Albert was told that if he didn’t take a plea deal for 40 years, the state would ask for 75 years.
“I was not going to be alive for decades in prison,” he said. “So 75 or 40, it really didn’t matter.”
Marty pled for 60 years after being told that if he went to trial, the state would ask for 210 years. His lawyer told him that a 60-year sentence could be reduced if the laws ever changed, but that there was basically nothing he could do if he was sentenced to hundreds of years by a jury.
In my three decades in prison, and many articles about painful subjects, these were some of the most difficult conversations I’ve ever had. It reminded me of right after 9/11 happened, when suddenly it was normal for everyone to be talking about torture as an option to use on those who might have information. Some people were openly in favor of torture, by whatever means got results, while others thought only certain interrogation methods were appropriate.
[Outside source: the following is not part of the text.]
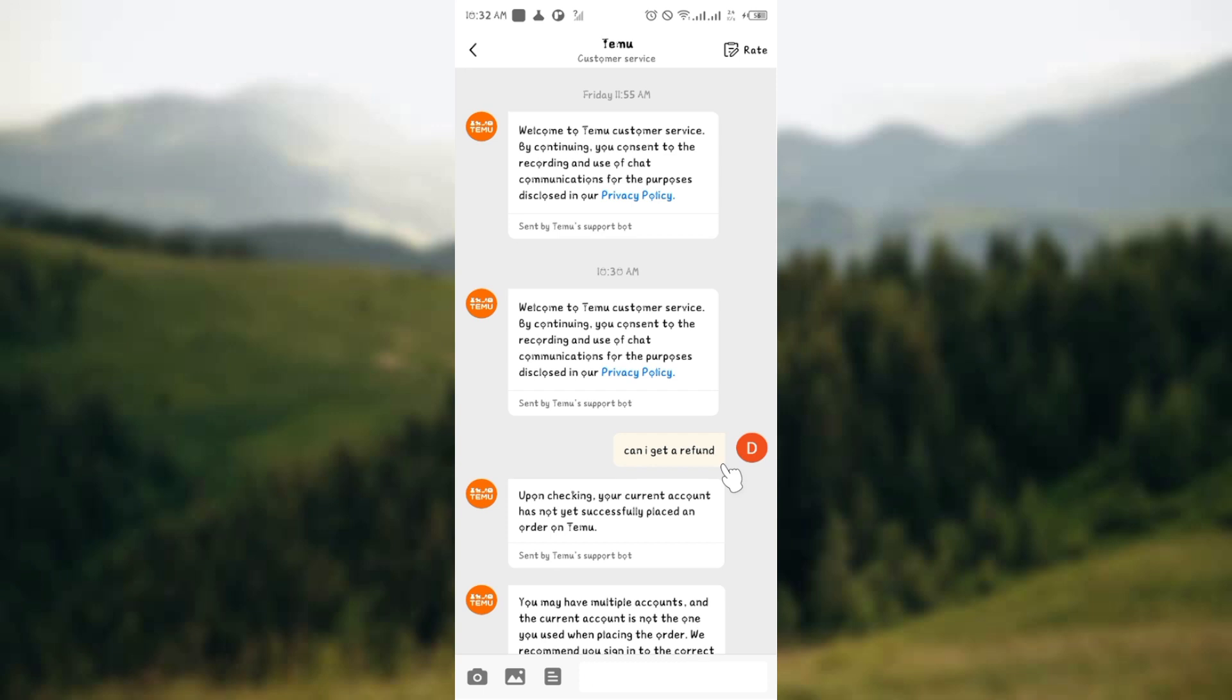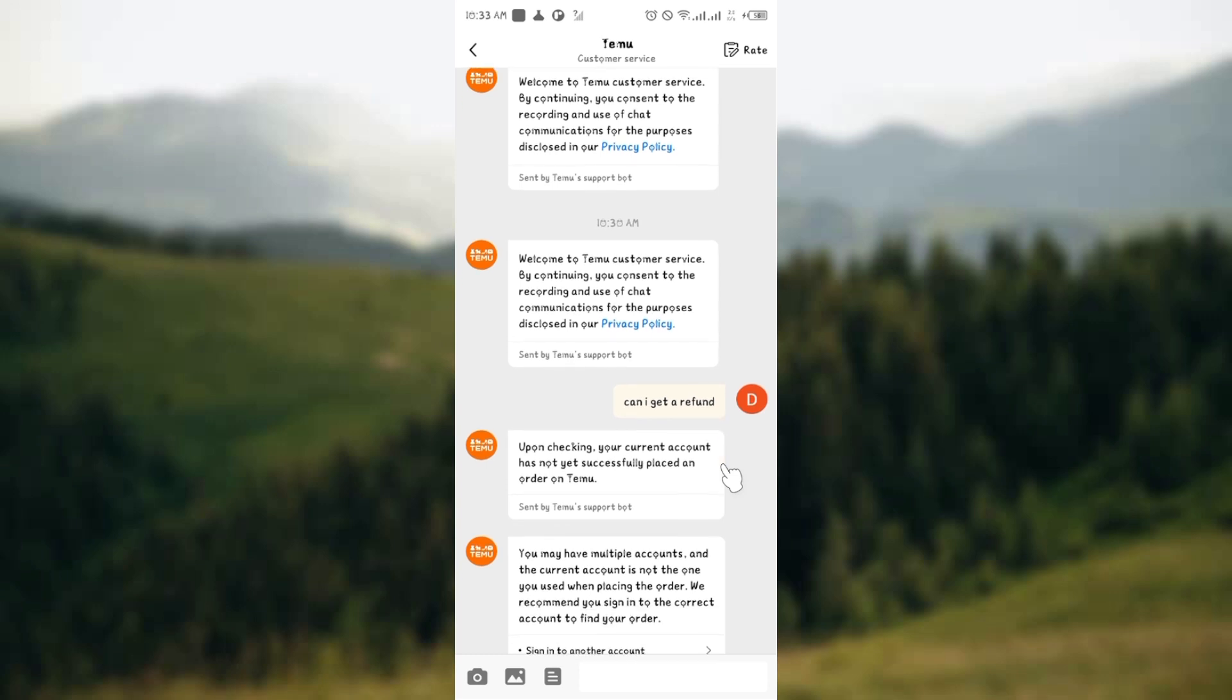Once you've done that, if your reasons are legitimate to them, they will give you a refund without having to return the items. But if not, you might have to return the items and also get your refund on the Temu application. So that's how to get a refund on the Temu app without having to return the items. See you in the next video.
When people hear that someone has a CSA conviction, that’s all they need to know to dismiss the person’s humanity. From other prisoners, I hear: “I don’t care what happens to those bastards”; “They’re just disgusting perverts”; “They’ve got to be sick in the head”; “I can see how someone may need to kill somebody, but I could never imagine hurting a kid.”
One in four people on the sex offender registry was a juvenile when they were convicted. Often people who sexually abuse children have similar abuse in their own backgrounds. But we seem to only care about victims when we’re trying to put people in prison.
Marty says he deserves to be in prison. But he finds it strange that the system wanted to “nail me to the cross” for doing the same thing others had done to him the whole time he was growing up. The system had never cared when it was happening to him.